Here's Zack and his friend playing with a frisbee on a field


----------



## llombardo (Dec 11, 2011)

It's always nice to see Zack playing. His friend is a nice looking dog too


----------



## Sunflowers (Feb 17, 2012)

Hello, Adam! SO good to see a post from you!
I know which one he is-- the one with the dots on the snout. :wild:
Great to see him so healthy and happy.


----------



## Speedy2662 (May 27, 2012)

llombardo said:


> It's always nice to see Zack playing. His friend is a nice looking dog too


Thank you!
Jet is a 7 months old Border Collie too. Very energetic and playful puppy 



Sunflowers said:


> Hello, Adam! SO good to see a post from you!
> I know which one he is-- the one with the dots on the snout. :wild:
> Great to see him so healthy and happy.


Yup, that's him! 

Thank you!


----------



## DJEtzel (Feb 11, 2010)

Super cute!! I love the border collies!


----------



## ApselBear (Feb 10, 2014)

What frisbee are you using there?


----------



## Speedy2662 (May 27, 2012)

ApselBear said:


> What frisbee are you using there?


That is a Kong frisbee - very durable things. Not even a scratch after months of use 
Amazon.com : KONG Flyer Dog Toy, Large, Red : Dog Frisbee : Pet Supplies




DJEtzel said:


> Super cute!! I love the border collies!

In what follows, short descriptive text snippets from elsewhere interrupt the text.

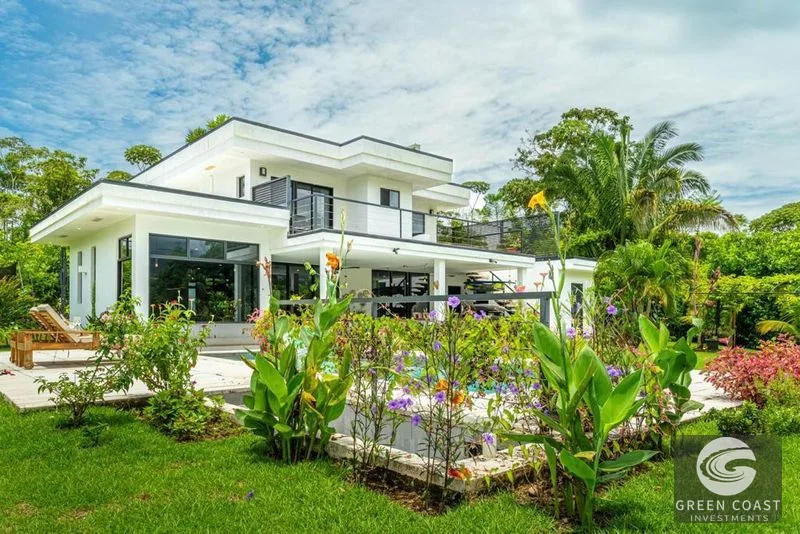 Ojochal Modern Oasis: Jungle & Mountain View Home with Pool, Playground & Rooftop Terrace — view 3, Puerto Cortés, Osa, Costa Rica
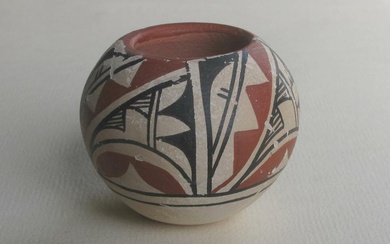iGavel Auctions: Vintage Acoma Pueblo Native American signed pottery seed pot FR3SH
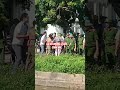 Lại ra đường ở rồi.Chán nhỉ.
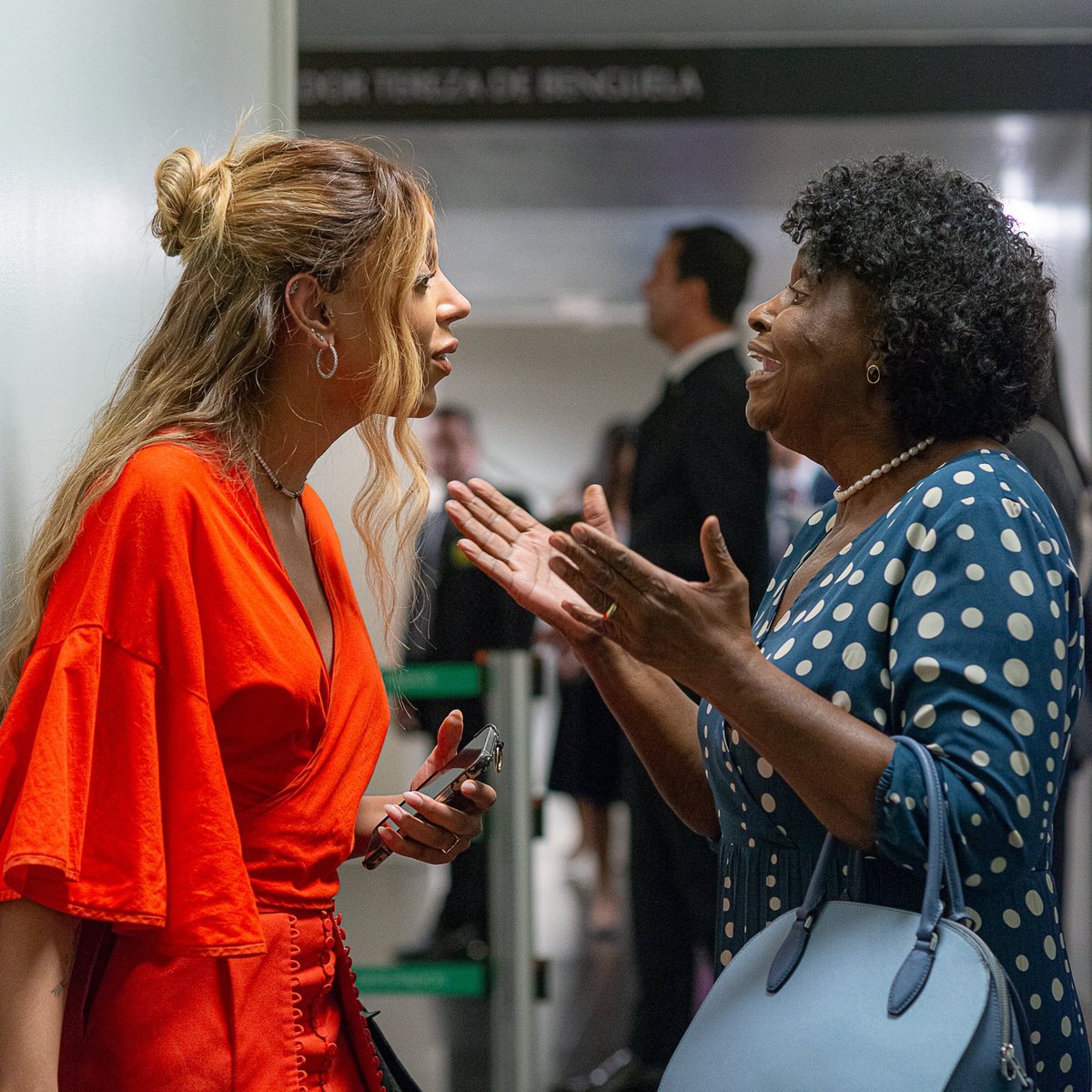 Toda minha solidariedade à gigantesca Deputada Benedita da Silva.

Ontem, Benedita, uma mulher negra e uma voz histórica da luta antirracista e em defesa das mulheres, foi chamada por Carla Zambelli de "Chica da Silva".

Quando Carla Zambelli falou dela, não passou por sua cabeça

Thank you! I love them too


----------



## NancyJ (Jun 15, 2003)

Great to see him playing with you with a friend. He looks like a very happy dog. Are your parents happy with him now that you have made it through puppyhood?


----------



## blackshep (Aug 3, 2012)

Welcome back Adam, we've missed you! We thought maybe you didn't survive the puppy stage 

Looks like Zack has grown into a beautiful big boy! I think you need to get him into some dog sports, he looks like the perfect athlete, bet you'd have a ton of fun with him


----------